In the records below, repeat word for word only the lines starting at the one that contains "Hi, this is" and ending at the one that contains "Once you are", pictures excluded.

[Records for processing]

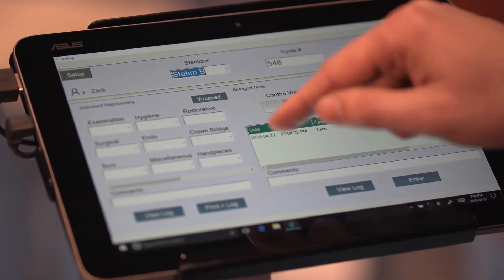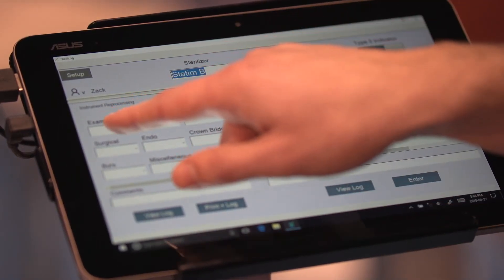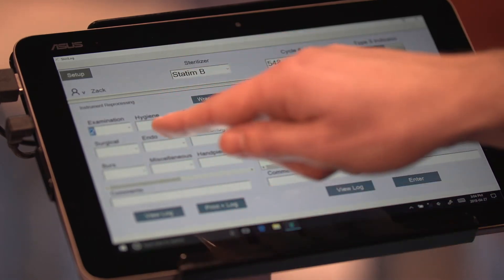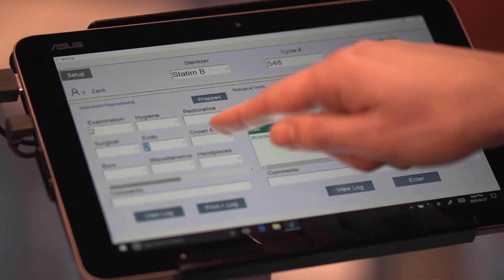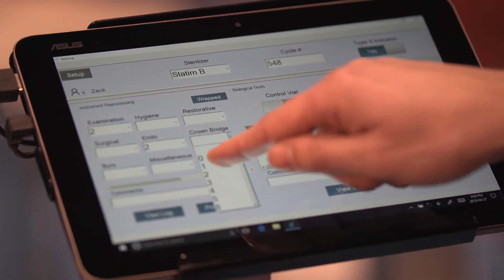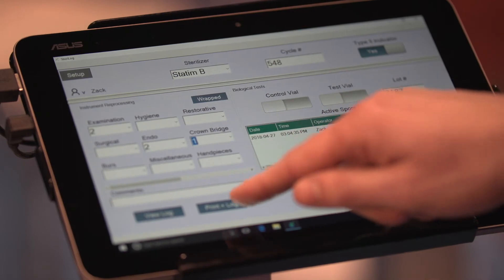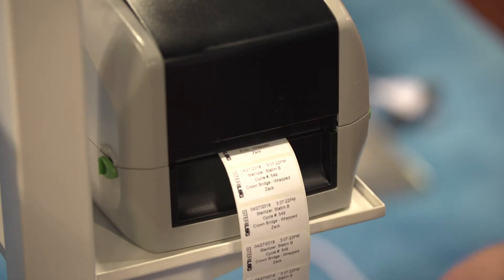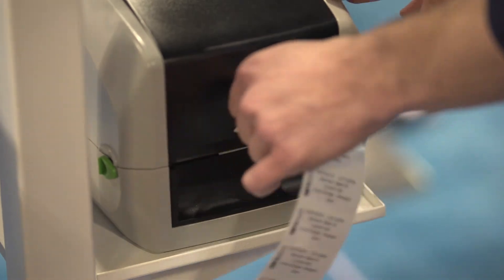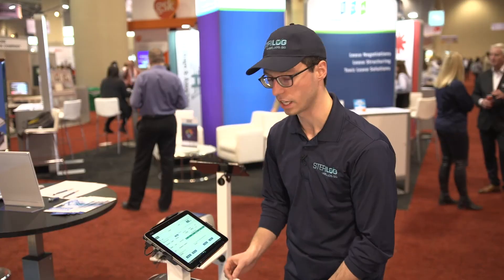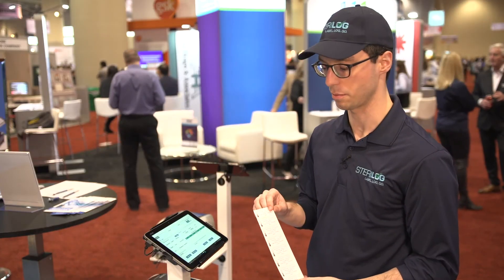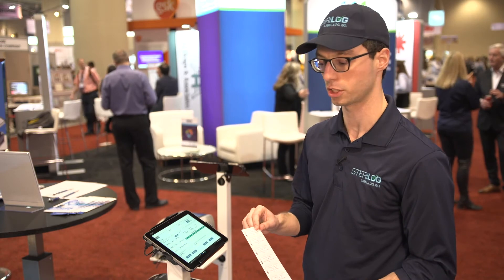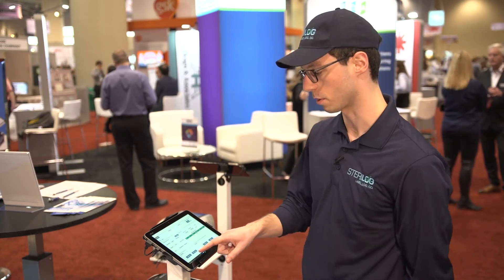I'll then enter my first cycle — I'll pick my instruments: two examination kits, a couple of endo kits, one crown bridge — and I'll print and log this. I'll take these autoclave-safe adhesive labels and place them directly on my packages and insert them in the sterilizer.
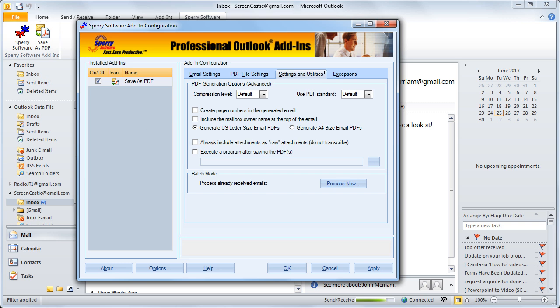What normally happens is the add-in transcribes the attachments into the email. However, there is an option to leave it as a raw attachment. When you choose to do this, then a paper clip is at the bottom of the PDF that when clicked will allow you to see the attachments just like you would in a regular email. And of course that all happens inside your PDF.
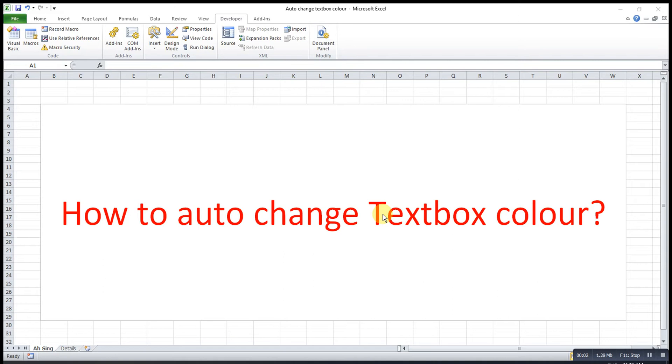Hi, this is Asin. Today I would like to share how to auto-change text box color.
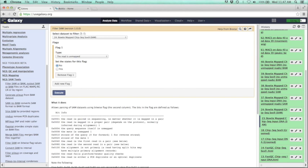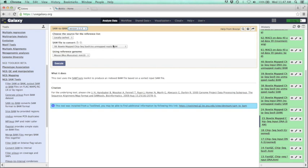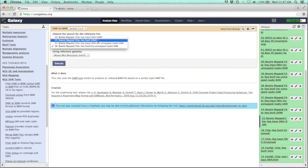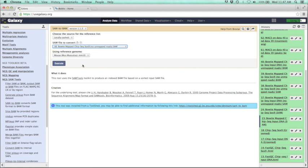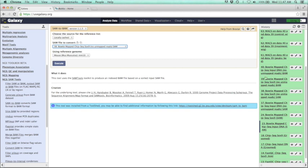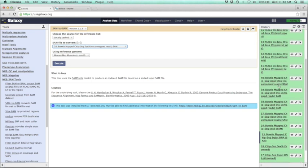Before we call peaks, let's convert the Bowtie data from SAM to BAM format. This will be important since we want to be able to view these reads in IGB later, and the easiest way to do that is to use the BAM files. Go back to the toolbox, then SAM tools, and click SAM to BAM. Make sure you have your no-unmapped-reads SAM files selected, execute for both files. Now we have our two BAM files, one for ChIP-seq input DNA and one for SOX9.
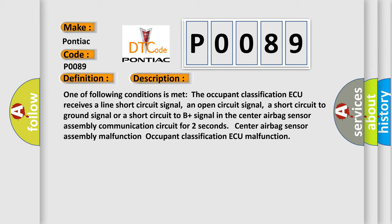a short circuit to ground signal, or a short circuit to B plus signal in the center airbag sensor assembly communication circuit for two seconds. Center airbag sensor assembly malfunction.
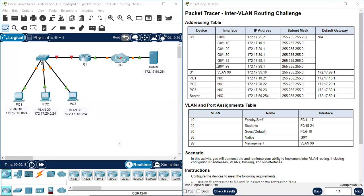Hello everyone. Today we're going to do Packet Tracer of CCNA2 version 7, 4.5.1 — Packet Tracer Inter-VLAN Routing Challenge.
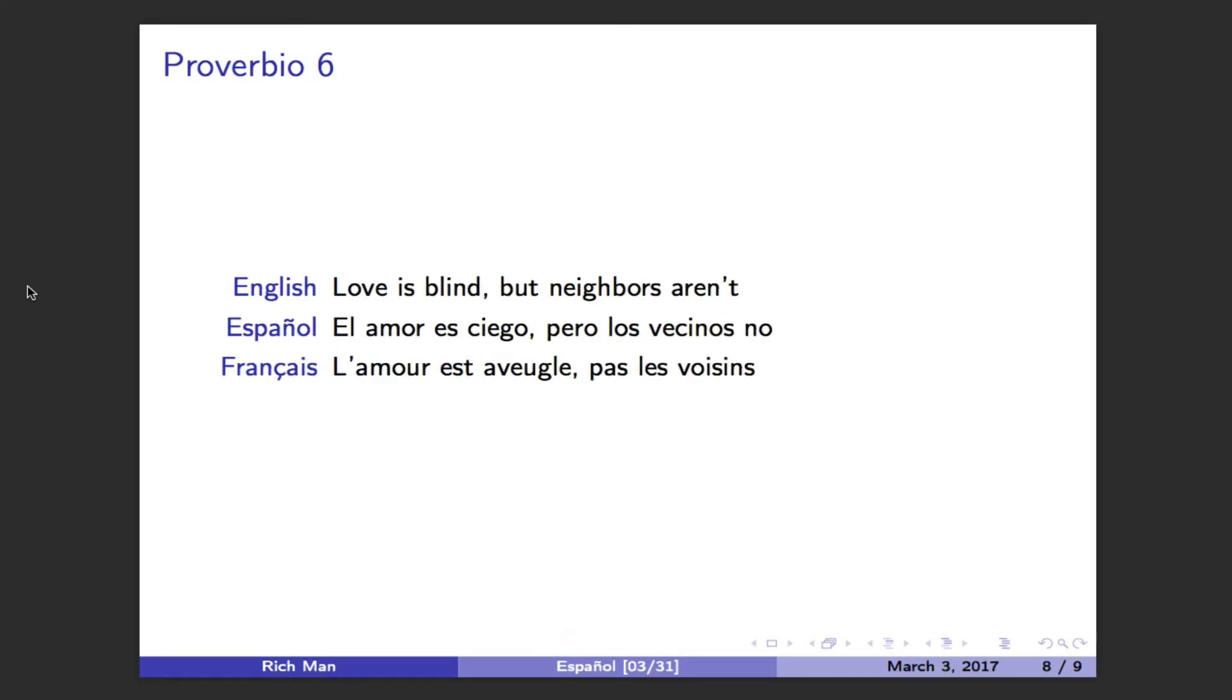Love is blind, but neighbors aren't. El amor es ciego, pero los vecinos no. L'amour est aveugle, pas les voisins.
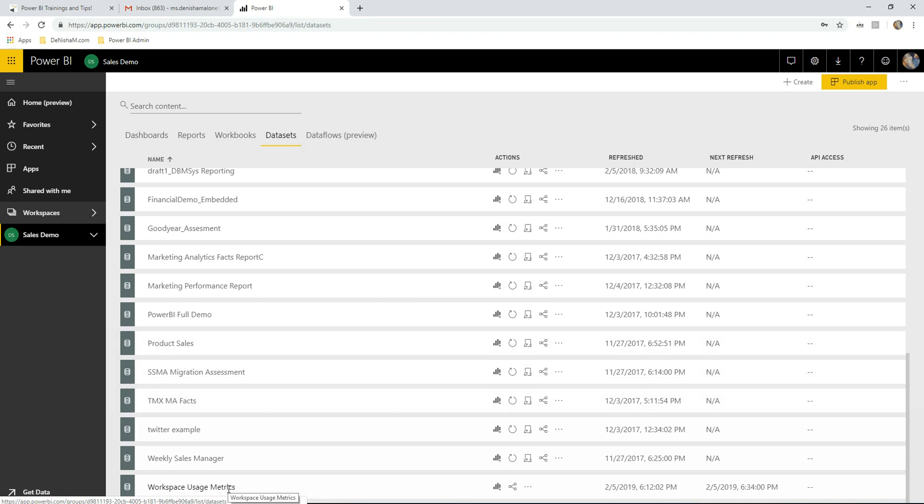Now you can always have a quick report to see how your workspace is performing. If you have any questions, always email me and check out other videos. Bye.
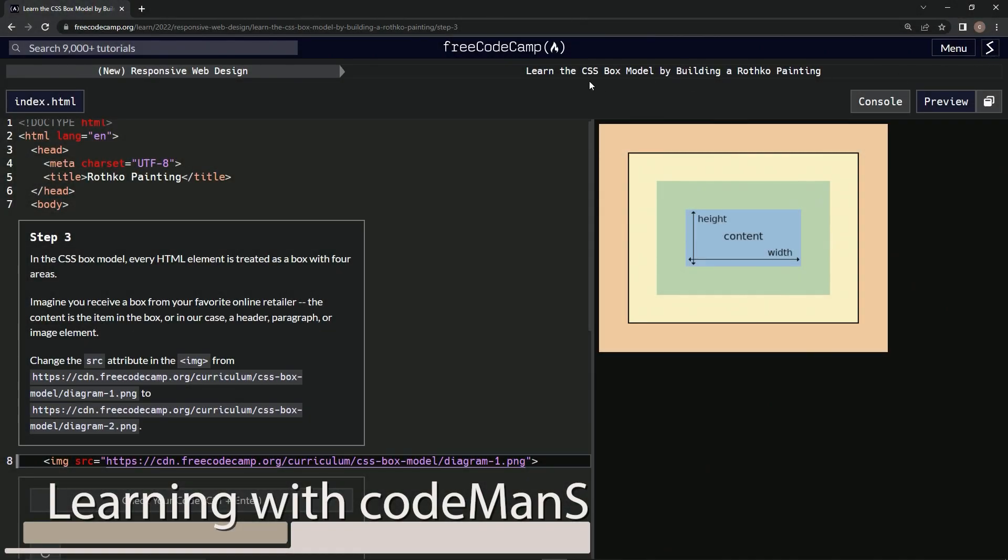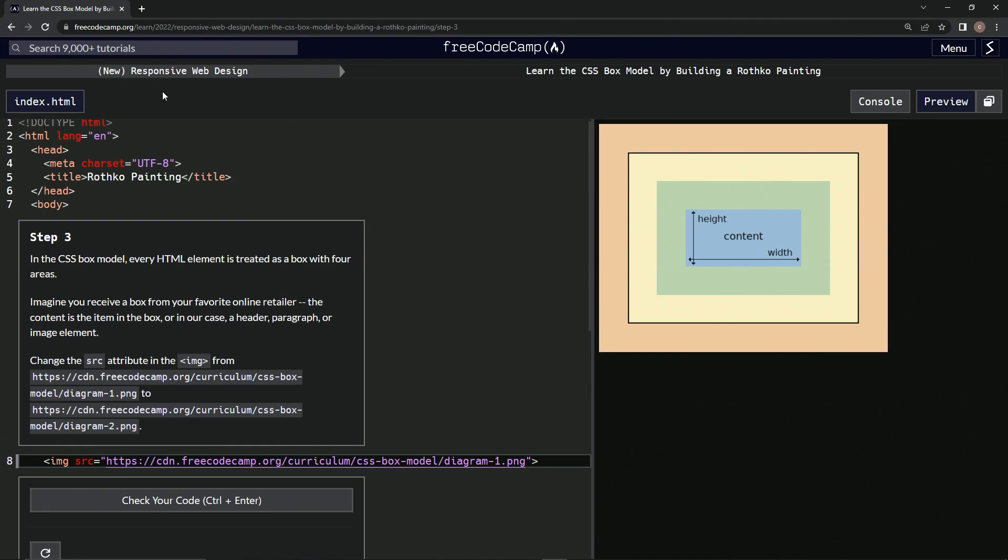All right, now we're doing FreeCodeCamp, new responsive web design, learn the CSS box model by building a Rothko painting, step three.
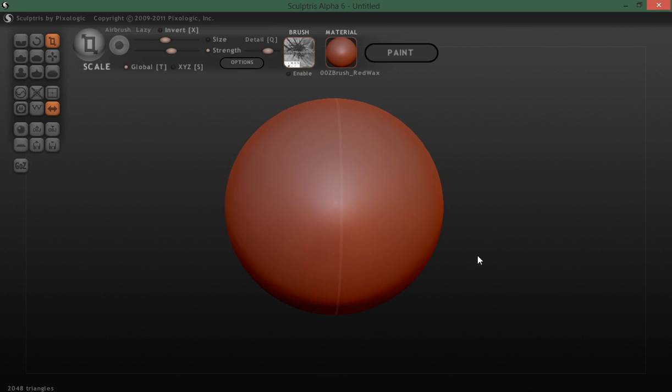Hello and welcome to this Sculptris video tutorial. In this tutorial I'm going to demonstrate how to create a cube in Sculptris or a cube shape. You may need a cube shape, not an exact cube, from time to time in Sculptris.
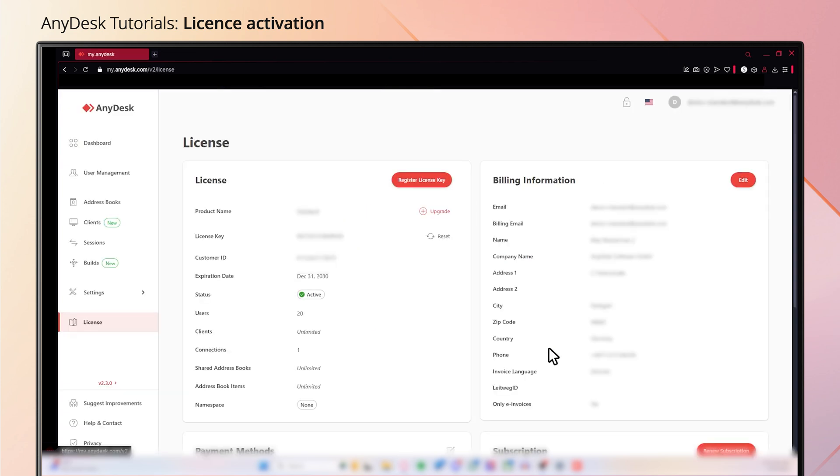Once you are logged into the homepage, to register the license on the downloaded version of AnyDesk, navigate to the license tab on the left hand side and hit register license key.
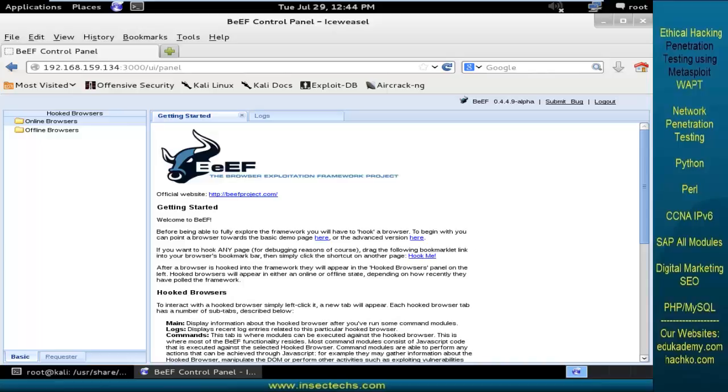When the attacker logs into the BEEF server, he can execute the modules against the specified victim user. As an attacker, he can write any customized module by his own and he can also run arbitrary commands against this particular victim zombie.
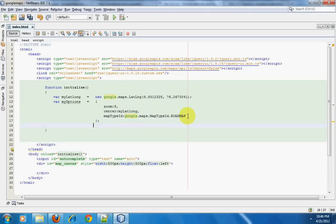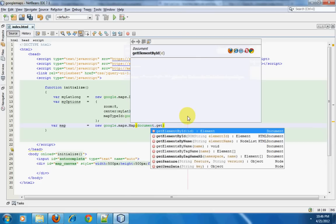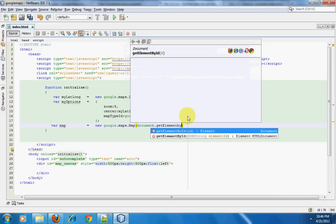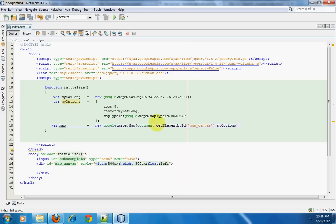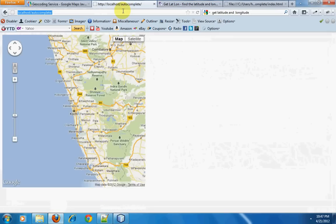Now I'm going to create another variable called map. This will tell Google that I want to render Google Maps — new google.maps.Map — and pass in document.getElementById('map_canvas') along with the myOptions variable. This will render Google Maps on the div with ID map canvas. We'll save this and go to Firefox to open the page and check if everything is working.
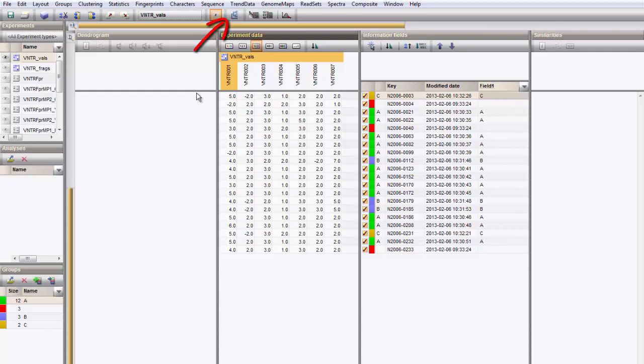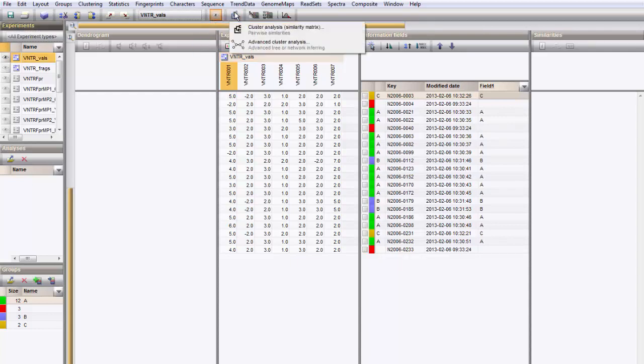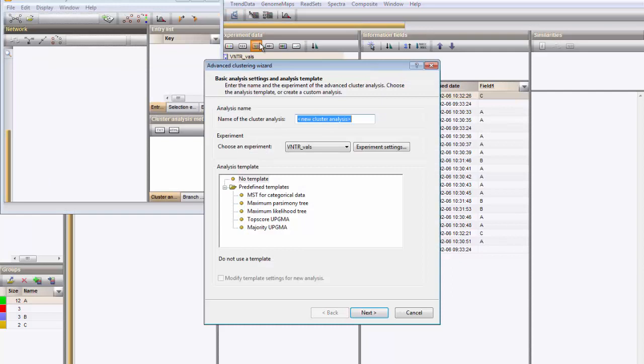Press the clustering button and choose Advanced cluster analysis. Give the analysis a name.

[/Records for processing]

* Task answer
Hi, this is Asin. Today I would like to share how to auto-change text box color.
Before we call peaks, let's convert the Bowtie data from SAM to BAM format. This will be important since we want to be able to view these reads in IGB later, and the easiest way to do that is to use the BAM files. Go back to the toolbox, then SAM tools, and click SAM to BAM. Make sure you have your no-unmapped-reads SAM files selected, execute for both files. Now we have our two BAM files, one for ChIP-seq input DNA and one for SOX9.
a short circuit to ground signal, or a short circuit to B plus signal in the center airbag sensor assembly communication circuit for two seconds. Center airbag sensor assembly malfunction.
Hello everyone. Today we're going to do Packet Tracer of CCNA2 version 7, 4.5.1 — Packet Tracer Inter-VLAN Routing Challenge.
Love is blind, but neighbors aren't. El amor es ciego, pero los vecinos no. L'amour est aveugle, pas les voisins.
Now you can always have a quick report to see how your workspace is performing. If you have any questions, always email me and check out other videos. Bye.
All right, now we're doing FreeCodeCamp, new responsive web design, learn the CSS box model by building a Rothko painting, step three.
Hello and welcome to this Sculptris video tutorial. In this tutorial I'm going to demonstrate how to create a cube in Sculptris or a cube shape. You may need a cube shape, not an exact cube, from time to time in Sculptris.
Once you are logged into the homepage, to register the license on the downloaded version of AnyDesk, navigate to the license tab on the left hand side and hit register license key.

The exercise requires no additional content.